Stimmungs- oder Gefühlsbilder

Mit dieser Technik werden um das Produkt herum Stimmungs- und Gefühlsbilder aufgebaut, welche sehr emotional auf den Verbraucher wirken sollen. Als Beispiele können Liebe, Schönheit, Sehnsucht oder Ausgelassenheit genannt werden. Dabei werden informative Elemente vermieden, teilweise unterschwellig angedeutet. Marlboro hat durch die Vermittlung der Stimmungswelt Freiheit, Gruppengefühl, Abenteuer ein Image geschaffen, das Verbraucher anspricht, ohne konkret auf das Produkt (Zigaretten) einzugehen.

Musical-Technik

Der Einsatz von Musik oder der Gesang von Personen bzw. Fantasiefiguren ist

ebenfalls eine Möglichkeit, auf die Vorzüge des Produktes hinzuweisen, und in den Köpfen der potentiellen Kunden präsent zu sein.

Persönlichkeit als Symbolfigur

Bei dieser Technik wird eine Person (real oder als Zeichentrickfigur) als Symbol für das Produkt geschaffen, mit dem Ziel, einen hohen Wiedererkennungseffekt zu erlangen. Spee wirbt beispielsweise mit dem Spar-Fuchs, Ratiopharm mit Zwillingen.

Technische Kompetenz

Der Verweis auf die technische Kompetenz des Unternehmens erweist sich vor allem bei neuartigen Produkten oder bei erklärungsbedürftigen Produkten als sinnvoll (vgl. o.V. [e], o.J, o.S). Menschen, die Unsicherheiten beim Kauf vermeiden wollen (siehe Kapitel 3.2.4), werden für derartige Hinweise besonders empfänglich sein. Der Automobilhersteller Audi wirbt z.B. mit dem Slogan „Vorsprung durch Technik“, um die eigene Kompetenz hervorzuheben.

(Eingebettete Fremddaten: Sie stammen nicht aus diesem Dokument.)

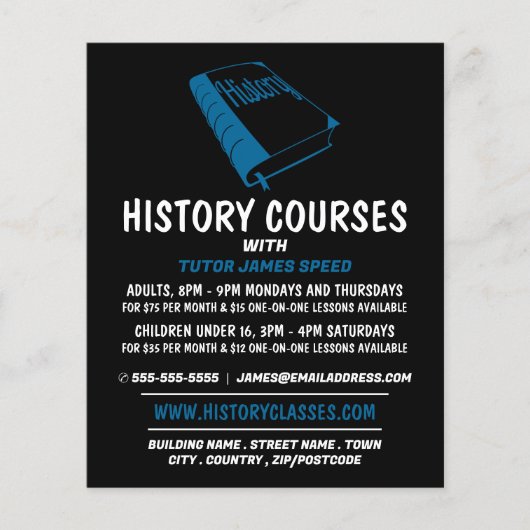 Blue History Book, History Course Advertising Flyer (Vorne)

Wissenschaftlicher Nachweis

Der wissenschaftliche Nachweis soll ebenfalls helfen, Unsicherheiten bei dem potentiellen Verbraucher abzubauen, indem die Wirksamkeit und Effektivität des Produktes mit empirischen Forschungsergebnissen belegt werden. Der Mobilfunkanbieter Symio wirbt mit dem „Einfachheitsgen“, welches durch intensive Forschungen im Labor entdeckt wurde und nun Mobiltelefonieren günstiger und einfacher macht. Ein traditionelles Beispiel ist die Blend-a-med Forschung, die die Wirksamkeit von Zahnpasta und Zahnbürste belegt. Oft wird ebenfalls mit Auszeichnungen der Stiftung Warentest oder Ökotest geworben, oder es wird mit Ergebnissen von Verbraucherumfragen versucht, die Verbraucher hinsichtlich der Vorzüge des Produktes zu überzeugen.

Testimonial-Werbung

Im Englischen bedeutet das Wort Testimonial Dank- und Empfehlungsschreiben bzw. Anerkennungsschreiben. Die Werbepraxis hat den Begriff übernommen und bezeichnet mit Testimonial-Werbung „alle Formen der Werbung, in denen mit Hilfe von Aussagen und Urteilen zufriedener Kunden die Glaubwürdigkeit der Werbebotschaft erhöht werden soll“ (GWA, 2006, o.S.). Dazu werden auch jene Formen der Werbung gerechnet, in denen Prominente (Filmstars, Fußballspieler, Moderatoren, Sänger) in der Rolle zufriedener Produktnutzer auftreten und ihre Zufriedenheit mit einem Produkt bzw. einer Dienstleistung bekunden. Hierbei wird das Image des Prominenten auf das Produkt übertragen.

3 Kultur

Im diesem Kapitel wird der Begriff der Kultur definiert und seine Ausprägung in den ausgewählten Ländern anhand von Kulturdimensionen vorgestellt.

3.1 Definition

Der Begriff der Kultur bedarf einer eingehenden Betrachtung, denn der gesamte Verhaltensspielraum der Konsumenten wird weitgehend von der Kultur abgesteckt (vgl. Kroeber-Riel/Weinberg, 1996, S. 543) und ist somit auch für die Werbegestaltung relevant.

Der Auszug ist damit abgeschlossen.